Grading quizzes and exams: Grade consistently, accurately and informatively. One of the most-often complaints from students is not mistakes in grading but inconsistency from one student's paper to the next. They DO compare! If you do not know if the answer is correct, look it up. Be aware that students have taken many other courses and have many different experiences. It is possible they will give a reasonable answer to a question, even if it is not the answer you taught them in class. Make the quiz or exam a learning experience for the student. This definitely takes more time, but it is better for the student. Also, correct misconceptions! For example, if the student puts down that Azotobacter can grow in a nitrogen-free medium because it doesn't require nitrogen, remind the student that all cells require nitrogen, but Azotobacter cells can obtain theirs from the fixation of N₂ from the air if nitrogen is not part of the medium formulation.

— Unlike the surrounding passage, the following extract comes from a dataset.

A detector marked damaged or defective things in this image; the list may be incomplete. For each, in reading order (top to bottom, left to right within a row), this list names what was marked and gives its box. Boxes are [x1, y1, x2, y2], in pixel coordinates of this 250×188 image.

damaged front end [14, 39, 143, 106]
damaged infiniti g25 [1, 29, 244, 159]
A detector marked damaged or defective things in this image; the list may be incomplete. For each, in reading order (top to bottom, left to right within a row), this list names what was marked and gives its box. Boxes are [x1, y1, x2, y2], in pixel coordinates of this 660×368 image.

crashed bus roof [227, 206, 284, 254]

Grades: The 1974 Student Privacy Law prohibits access to student records without the express consent of the individual student. To comply with this, it is important to return quizzes, exams, etc. in such a manner as to prevent students from seeing the grades of any other student. Also, grades can be posted only if the identity of the student is disguised, such as by student ID number. We have stopped the practice of posting final grades, as the student can access his/her grade with a Touch-Tone telephone.

Academic dishonesty: The University has set policy for the handling of academic misconduct. This policy insures rights to the students and legal protection to the instructors. Many measures can be taken to discourage dishonesty, such as proper proctoring (wandering eyes are extremely easy to spot), protective grading (e.g., marking where answers are not given, so correct answers cannot be written in after the exams are returned), peer pressure, etc. Unfortunately, this is sometimes not enough. If you suspect academic dishonesty, seek assistance from the lab instructor who has a file of proper procedures to follow.

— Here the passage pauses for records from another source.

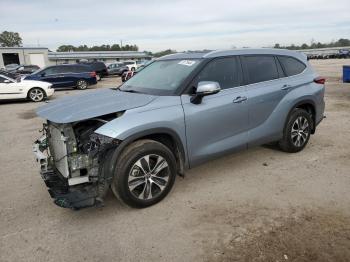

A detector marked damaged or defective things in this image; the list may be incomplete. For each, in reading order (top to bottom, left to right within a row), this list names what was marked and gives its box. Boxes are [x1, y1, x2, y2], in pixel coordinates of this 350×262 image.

dented hood [36, 88, 155, 123]
damaged front end [33, 115, 121, 210]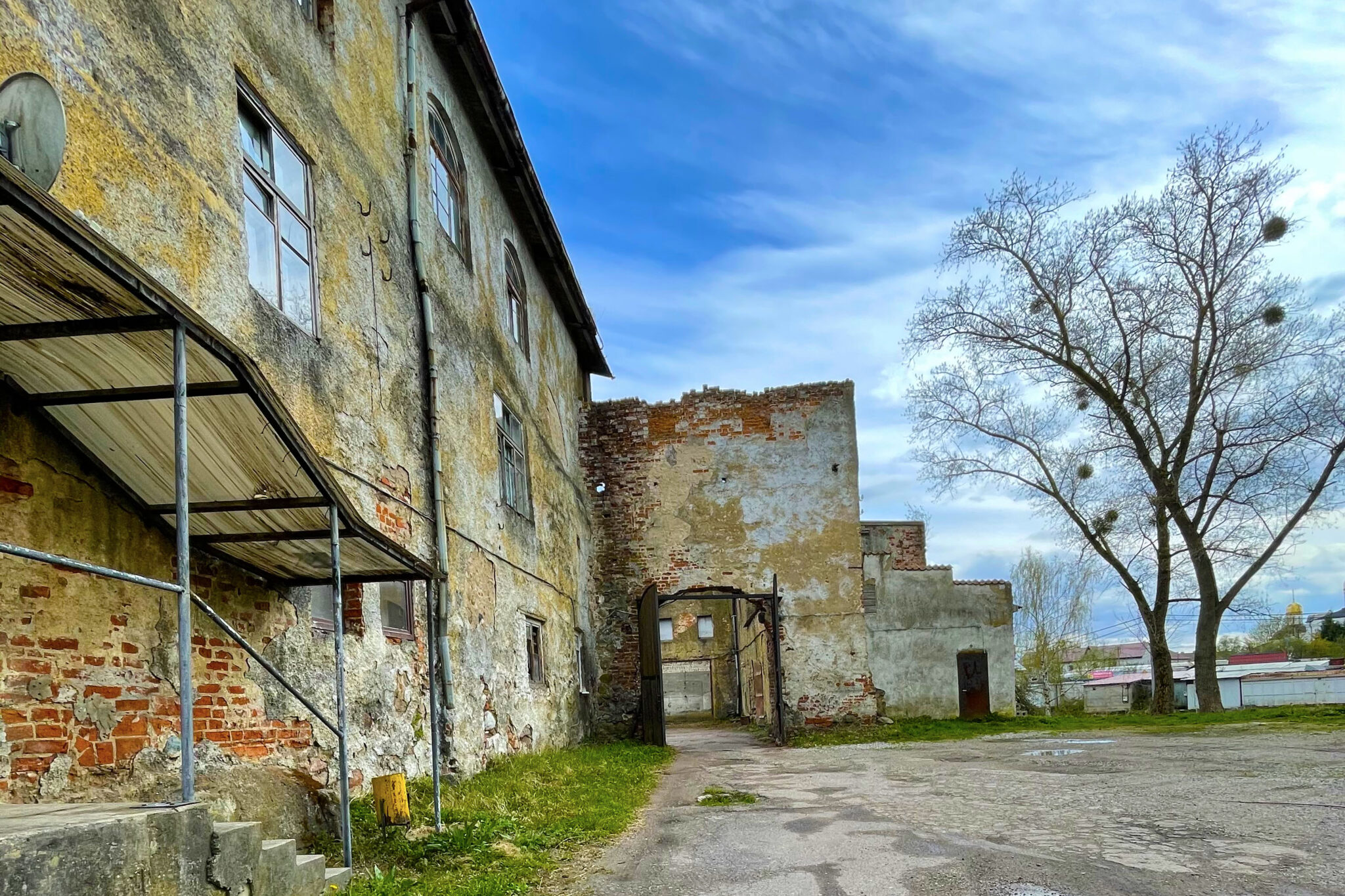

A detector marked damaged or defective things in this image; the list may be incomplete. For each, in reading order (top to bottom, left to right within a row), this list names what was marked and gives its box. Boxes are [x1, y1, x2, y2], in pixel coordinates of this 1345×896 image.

peeling plaster wall [0, 0, 597, 832]
rusty metal door [634, 586, 667, 746]
peeling plaster wall [581, 381, 882, 736]
peeling plaster wall [866, 521, 1011, 719]
rusty metal door [958, 647, 990, 719]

Accidents: Any accidents in the laboratory should be reported to the department office. You should make the students aware, however, that the University does not have a blanket insurance policy for accidents. It is assumed that each student has the means or insurance to pay for any medical care arising from injury in the laboratory. The only recourse they have for University payment (or payment from you, personally) is by civil suit in which they must show negligence by the employee in charge. This underscores the need for good safety training and safety procedures in the lab. The lab instructor will always endeavor the point out possible hazards and the best ways to proceed safely.